Local vs global truncation error
The truncation error does not satisfy that equation, it's just its definition.
Consider two following problems:
- The first is an ODE. $$ y'(t) = f(t, y(t))\\ y(0) = a. $$ Its solution is some smooth function $y(t)$.
- The second is a difference equation $$ \frac{z_{i+1} - z_i}{h} = f(t_i, z_i)\\ z_0 = a. $$ Its solution is some discrete function $z_i$.
I've intentionally used different letters to denote those two solutions. They are quite different, the former is a smooth function while the latter is a discrete one. One needs to be careful even to compare those two. Usually the third function is introduced. It is defined as a restriction of the smooth $y(t)$ to the grid $t_i$, where the discrete function $z_i$ is defined. Let's denote the restriction as $w_i$: $$ w_i \equiv y(t_i). $$
The function $w_i$ is discrete just like $z_i$ and $w_i$ coincide with $y(t)$ at grid points. Since now $w_i$ and $z_i$ are functions of the same class we can easily compare them: $$ e_i = w_i - z_i \equiv y(t_i) - z_i. $$ So, roughly speaking, the global error shows how close are $y(t)$ and $z_i$ (by restricting the former to the grid). When someone is solving some problem numerically the global error is what he is interesting in. Anyway, direct computation of global error is almost impossible, since we often simply do not have the exact values of $w_i = y(t_i)$ ( in contradistinction to $z_i$, which we can compute easily).
And the local truncation error concept comes to the rescue. Note that previously we've compared the solutions. Now we're going to compare problems. Take $z_i$. It is the solution to the second problem. Plugging $z_i$ into it makes it a valid identity $$ \frac{z_{i+1} - z_i}{h} = f(t_i, z_i)\\ z_0 = a. $$ But if we now take $w_i$ and try to plug it into the difference scheme we wont get an identity. Instead we'll get a residual: $$ \frac{w_{i+1} - w_i}{h} = f(t_i, w_i) \color{red}{{}+ d_i}\\ w_0 = a \color{red}{{} + d_0}. $$ If we are very lucky, some residuals may vanish, like $d_0$, but often it is not the case.

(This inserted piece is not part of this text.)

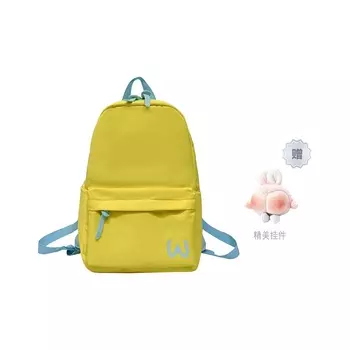 Markangaro Рюкзак унисекс, Черный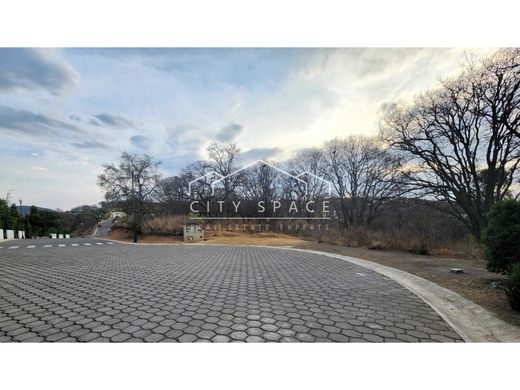 Land in Ciudad López Mateos, Atizapán de Zaragoza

So why is $d_i$ interesting while it also is defined in terms of $w_i$ (the unknown solution to the original problem)? It turns out that we can estimate the $d_i$ without knowing the exact values of $w_i$ by just knowing the original problem. $$ d_i = \frac{w_{i+1} - w_i}{h} - f(t_i, w_i) \equiv \frac{y(t_{i+1}) - y(t_i)}{h} - f(t_i, y(t_i)) = \\ = y'(t_i) + h \frac{y''(t_i)}{2} + O(h^2) - f(t_i, y(t_i)) = \\ = \color{blue}{\left[y'(t_i) - f(t_i, y(t_i))\right]} + \color{red}{h \frac{y''(t_i)}{2} + O(h^2)} $$ The blue term in braces is exactly the original ODE, and $y(t)$ is exactly its solution. So the term is equal to zero. $$ d_i = h \frac{y''(t_i)}{2} + O(h^2). $$ Similar result may be obtained if using different form of Taylor's formula: $$ d_i = h \frac{y''(\xi_i)}{2}, \qquad \xi_i \in [t_{i}, t_{i+1}]. $$
So now we can estimate the local truncation error, but we're interested in the global error.

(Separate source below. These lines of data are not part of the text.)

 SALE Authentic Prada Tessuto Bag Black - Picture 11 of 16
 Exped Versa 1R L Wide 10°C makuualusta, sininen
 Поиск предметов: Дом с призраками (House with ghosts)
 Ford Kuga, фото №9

To relate them we need to introduce another concept of stability. Consider the two discrete problems $$ \begin{aligned} &\frac{z_{i+1} - z_i}{h} = f(t_i, z_i)\\ &z_0 = a \end{aligned} \qquad\text{and}\qquad \begin{aligned} &\frac{w_{i+1} - w_i}{h} = f(t_i, w_i) \color{green}{{} + d_i}\\ &w_0 = a \color{green}{{} + d_0} \end{aligned}. $$ Pretend that we know $d_i$. Let's view the second problem as a perturbation of the first one. That's reasonable, since $d_i$ is a small value of $O(h)$ magnitude. A difference problem is called stable if such small perturbations result in small changes of the solution. For this case this means that the difference $z_i - w_i$ will also be small. Precisely $$ \max_i |z_i - w_i| \leq C \max_i |d_i| $$ where $C$ is called the stability constant of the method. For the explicit Euler method it can be shown that for Lipschitz-continuous $f$ $$ C \leq e^{LT} $$ with $L$ being the Lipschitz constant of $f$ and $T$ is the total integration time $T = \max_i t_i$.
Finally we can relate the global error and the local truncation error by $$ |e_i| \leq C \max_i |d_i| $$
If the local truncation error tends to zero when the discrete mesh is refined the numerical method is called consistent. The Lax theorem states that a stable consistent method converges, in sense that $e_i \to 0$ when the mesh is refined.